Introduction: Antiphospholipid antibodies (aPL) cause thrombotic disease and recurrent pregnancy loss. Despite their name it is now clear that the antigen for most antiphospholipid antibodies is the phospholipid-binding protein beta(2) glycoprotein I (beta(2)GPI). However, beta(2) glycoprotein I is only antigenic for antiphospholipid antibodies when the protein is immobilised on a suitable surface such as phosphatidyl serine. It has been suggested that antiphospholipid antibodies bind to beta(2) glycoprotein I on the surface of resting endothelial cells and this in turn leads to endothelial activation and the initiation of thrombosis. However, as phosphatidyl serine is absent from resting endothelial cell membranes, we questioned this hypothesis.
Materials and methods: The ability of human antiphospholipid antibody-containing sera and monoclonal antiphospholipid antibodies to interact with endothelial cells was examined using cell-based ELISAs employing human umbilical vein endothelial cells (HUVECs) as the antigen. The expression of adhesion molecules in response to treatment with antiphospholipid antibodies was also measured by a cell-based ELISA. Activation of NF kappa beta was examined using electrophoretic mobility shift assays (EMSAs).

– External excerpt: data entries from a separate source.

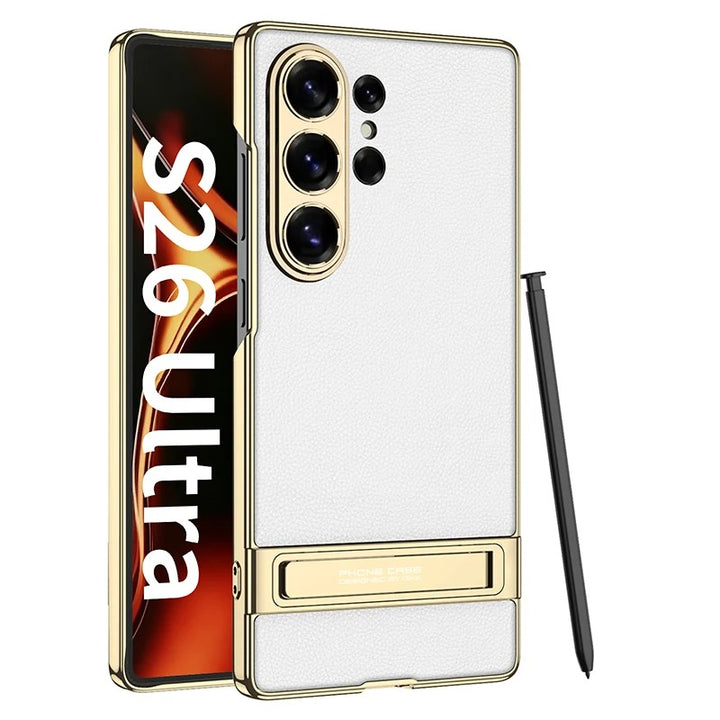 Galaxy S26 Ultra Leather Kickstand Case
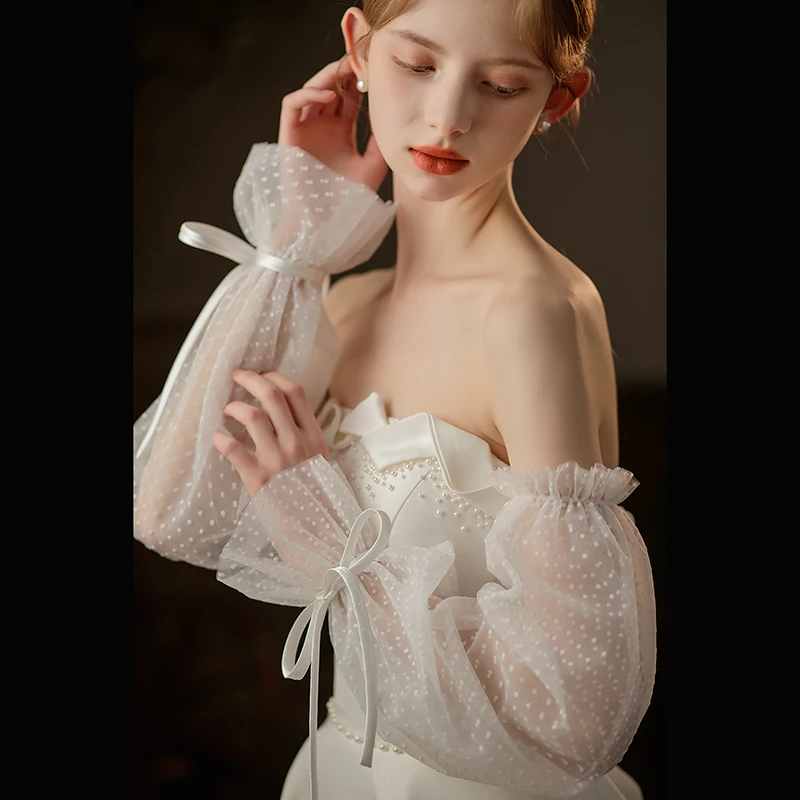 Ivory Puffy Sleeve Gloves Detachable Short Sleeves Arm Cover Wedding Marriage Accessories Bridal Glove Shoulders Shrugs Decorate
Ivory Puffy Sleeve Gloves Detachable Short Sleeves Arm Cover Wedding Marriage Accessories Bridal Glove Shoulders Shrugs Decorate
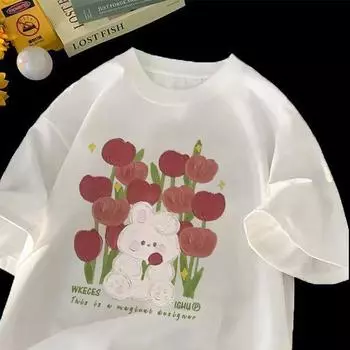 Летняя женская футболка с милым принтом кота из хлопка, дышащая, с коротким рукавом XS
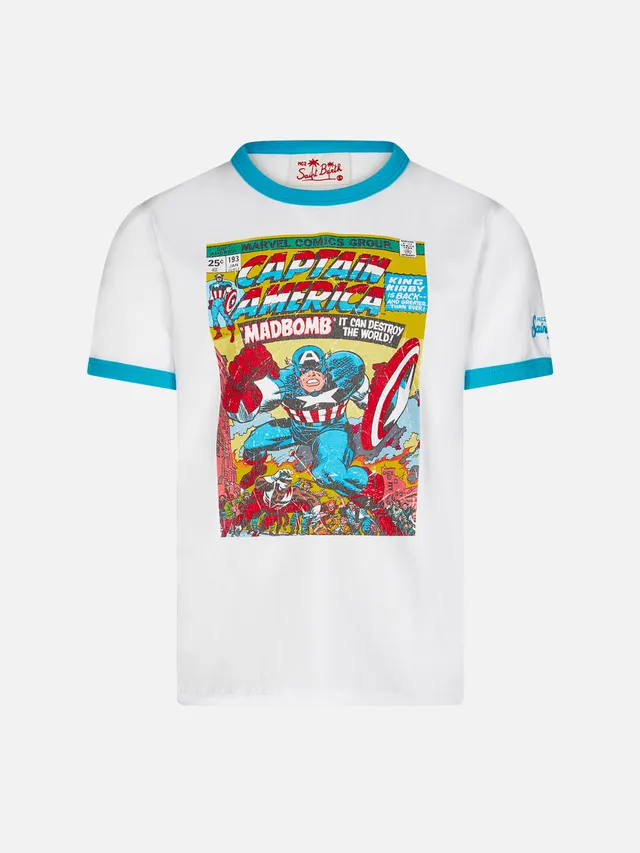 mc2-saint-barth-t-shirt-bambino-cotone-bianco-capitan-america-marvel image 1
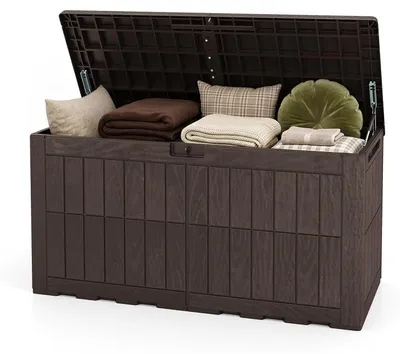 Produktbild von KOMFOTTEU 380 L wetterfeste Auflagenbox, abschließbare Aufbewahrungsbox mit Deckel, Gasdruckfedern & Griffen, 2-in-1 Terrassenbank und Kissenbox für Kissen, Gartenwerkzeug & Poolzubehör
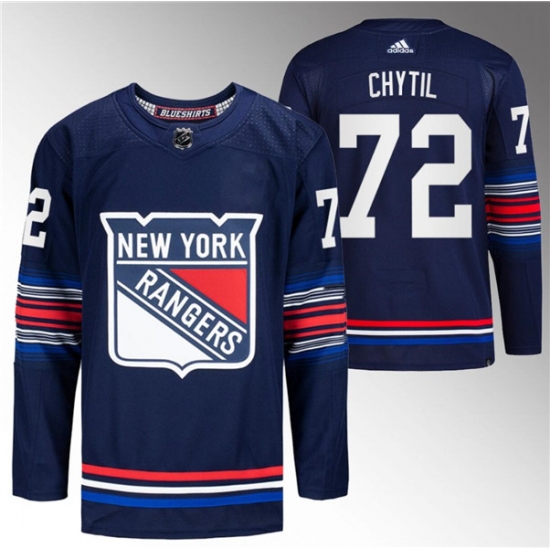 Men's New York Rangers #72 Filip Chytil Navy Stitched Jersey - Ujersey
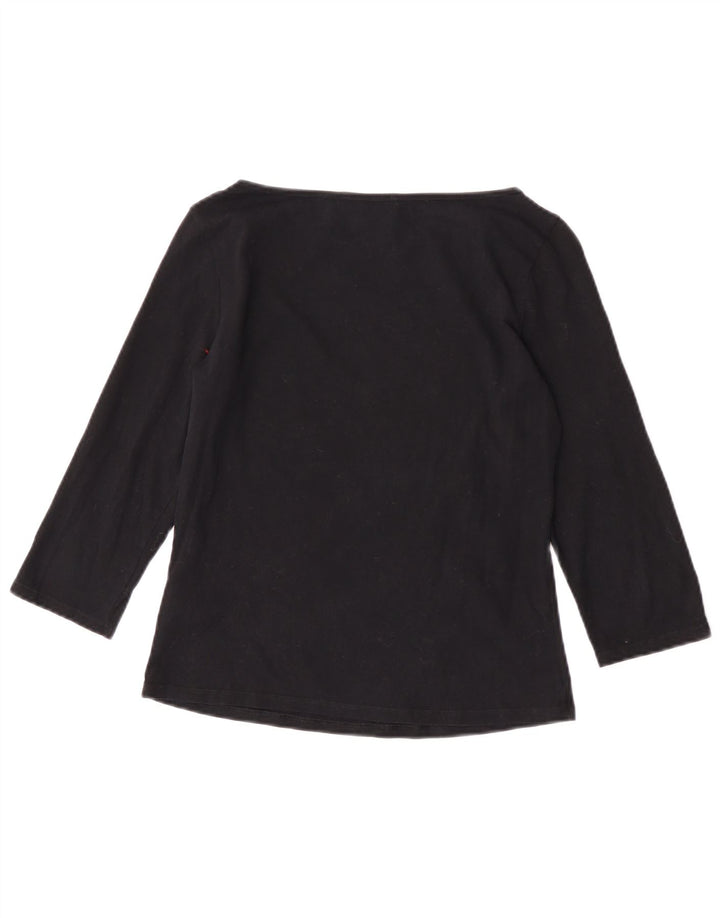 Marks & Spencer Haut court à manches 3/4 pour femme UK 12 en coton noir moyen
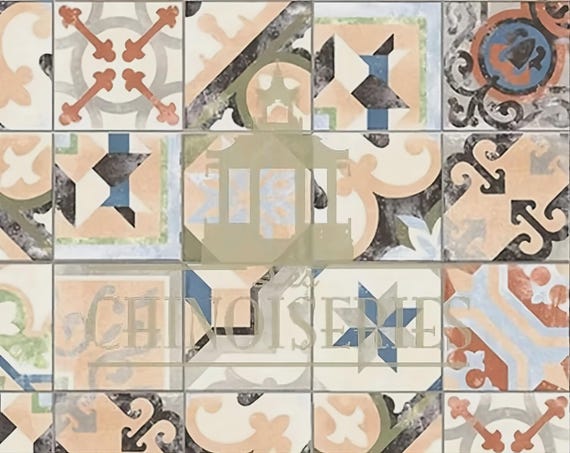 1:12 Dollhouse Miniature WALLPAPER, FLOOR PAPER, Faux Tile, Azulejos, Scale One Inch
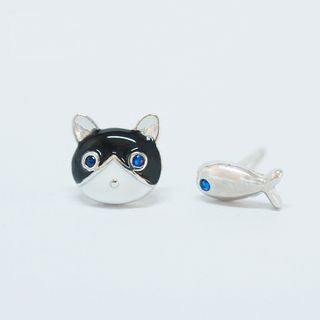Cat 925 and Non-matching Fish Earring Silver Sterling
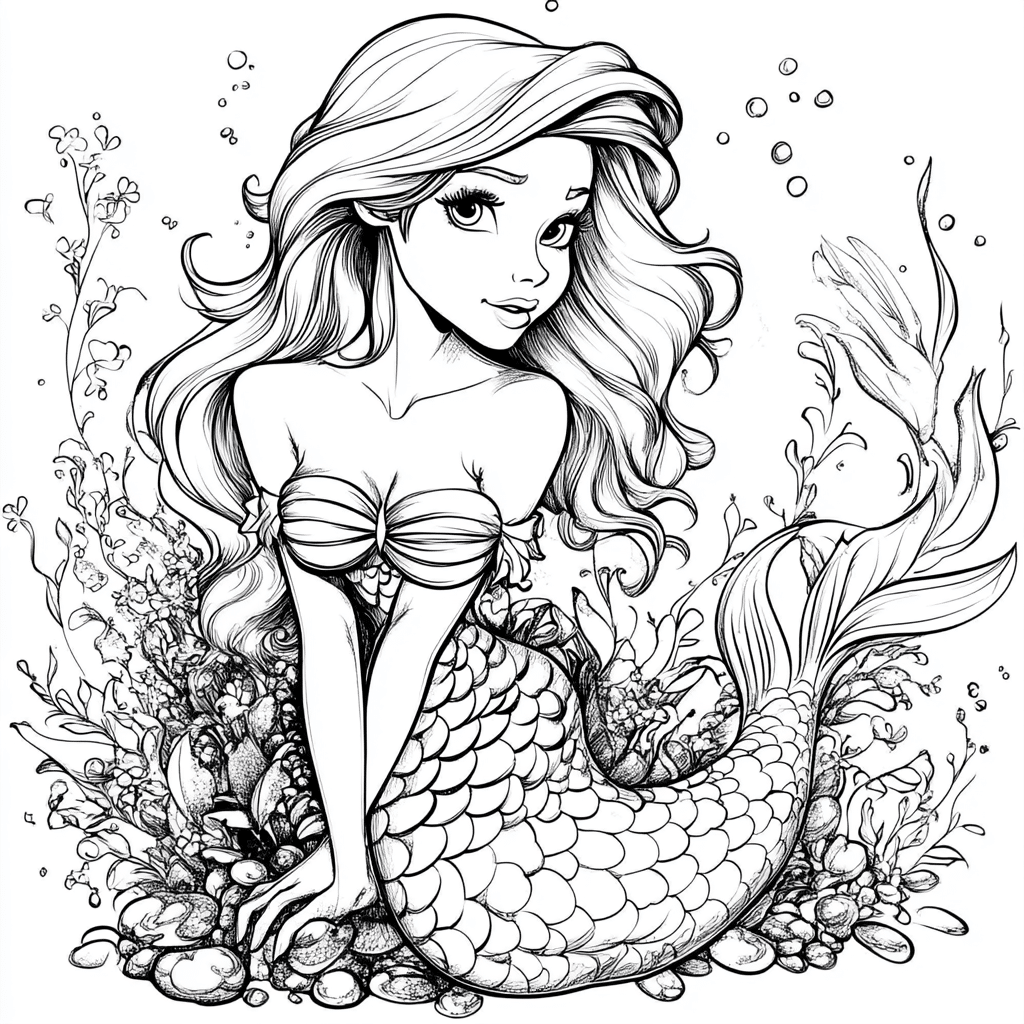 mermaid coloring pages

Results: Neither monoclonal antiphospholipid antibodies nor human sera containing antiphospholipid antibodies bound to resting endothelial cells. In contrast, one monoclonal antiphospholipid antibody did bind to both activated and apoptotic endothelial cells.
Conclusions: Antiphospholipid antibodies do not bind to resting endothelial cells nor do antiphospholipid antibodies activate resting endothelial cells. Rather, an independent triggering event is required to activate endothelial cells and subsequently some antiphospholipid antibodies may then bind to the activated endothelial cells and initiate a thrombogenic process.